Making a sudden U-turn to check out a new taquería stand setting up shop in your neighborhood is one of the most exhilarating moments in L.A.’s Taco Life. It can go both ways real quick: The taco will either be a delicious game-changer for all your future booze-filled late nights, or just OK, the thrill of the discovery too fleeting.
At the month-old taqueria “Tacos Lionel,” on the corner of Clark and Atherton in Eastside Long Beach, it is 1000% the former.
Long Beach’s taco galaxy holds its own in the greater taco universe of Los Angeles county. Sitting on top is probably Barrio Cantina’s costilla asada taco, followed closely by TacoMasa’s flame-kissed charred adobada, while longtime locals swear by El Sauz’s ultra-crispy tripitas, which are undoubtedly the best thing to eat past midnight. There are even daytime tacos al vapor at El Bukanas and a contender for the best taco gobernador in L.A. at Mariscos Garage.
But the one taco niche still in need of fulfillment was a good Mixe-powered al pastor (Mixe being the Indigenous people of Oaxaca’s northeast Sierra Mixe region, who have shaped L.A.’s respected al pastor culture). In the past, Pancho’s Taco Truck on Anaheim Boulevard was an acceptable contender.
The characteristics of this Mixe-style taco are paper-thin slices of potently seasoned pork shaved right from the trompo, just like at other Mixe-powered institutions including Leo’s Tacos, Tacos Tamix, and Taquería Juquilita.
The Mixe-style adobo usually has a higher amount of vinegar and dried chiles that reflects Oaxaca’s similar use of these flavors in their famed chorizo. The Mixe-powered al pastor taquería playbook usually also includes supplementary options of excellent, fatty cabeza (steamed beef head) and decent mesquite-grilled asada.
All these taco standards are honored at Tacos Lionel.
The founding taquero, 29-year-old Lionel Perez, learned his taco craft while working in Pachuca, Hidalgo. He arrived in Los Angeles seven years ago, where he continued his trade. He worked at a taco stand in Anaheim before branching off and opening his own stand on this sleepy corner of Long Beach. Perez is originally from Tamazulapam del Espíritu Santo, a small mountain village Oaxaca's Indigenous Mixe region. He communicates with his staff using the Mixe language.
What immediately stands out from Tacos Lionel is its L.A.-street stand aesthetic. The generator buzzing, the thunderous and ominous tempo of Oaxaca’s regional fandango music bumping from a speaker, the GYO (grab your own) salsas, the vitrolero (jugs) full of aguas frescas, the onions caramelized in the combined drippings of all the meats, the hastily sliced juicy cucumbers and peppery radishes, the smoke from the mesquite used to make the asada—these are “street tacos,” as some people like to call them, that are textbook-perfect.
After just a month of serving tacos, six days a week (Lionel is closed on Mondays), they already have their regulars, mostly consisting of families going out to eat from the suburbs a block away, nurses from the nearby VA Hospital stopping on their way home from work, and slowly, more of Long Beach’s taco-obsessed as word spreads
Despite their much-needed taco service to the community, Lionel tells L.A. TACO they have already dealt with two incidents:
In their second week, an older man walking a dog shouted at them to leave his neighborhood before kicking over their grill that was filled with hot coals.
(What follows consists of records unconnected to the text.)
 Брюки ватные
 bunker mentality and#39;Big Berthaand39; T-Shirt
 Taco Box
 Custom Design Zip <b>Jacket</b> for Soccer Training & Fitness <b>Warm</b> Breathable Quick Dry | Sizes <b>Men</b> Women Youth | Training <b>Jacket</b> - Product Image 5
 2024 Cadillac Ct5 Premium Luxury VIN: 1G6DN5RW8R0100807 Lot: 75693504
Lionel’s customers intervened and called LBPD, and the man has not returned.
Then, just last week, an owner from a nearby non-taco brick and mortar business also confronted Lionel, accusing him of “stealing his customers,” despite Lionel’s conscious opening only once the nearby strip mall’s restaurants are closed.
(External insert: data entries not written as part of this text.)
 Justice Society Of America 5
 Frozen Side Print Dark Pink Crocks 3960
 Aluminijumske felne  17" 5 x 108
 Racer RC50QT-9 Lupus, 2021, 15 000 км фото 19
Nonetheless, Lionel always returns the next day, ready to serve tacos to greater numbers of Long Beach residents caught by the flaming new trompo on the block before deciding to make that same fateful U-turn and give “Tacos Lionel” a shot.
Tacos Lionel, E. Atherton Street and Clark Avenue. Closed Mondays. Open 5 PM to midnight on weekdays and 5 PM to 1 AM on Friday and Saturday. Closest transit lines and stop: Long Beach Transit Lines 91, 121, and 173 - "Atherton/Clark."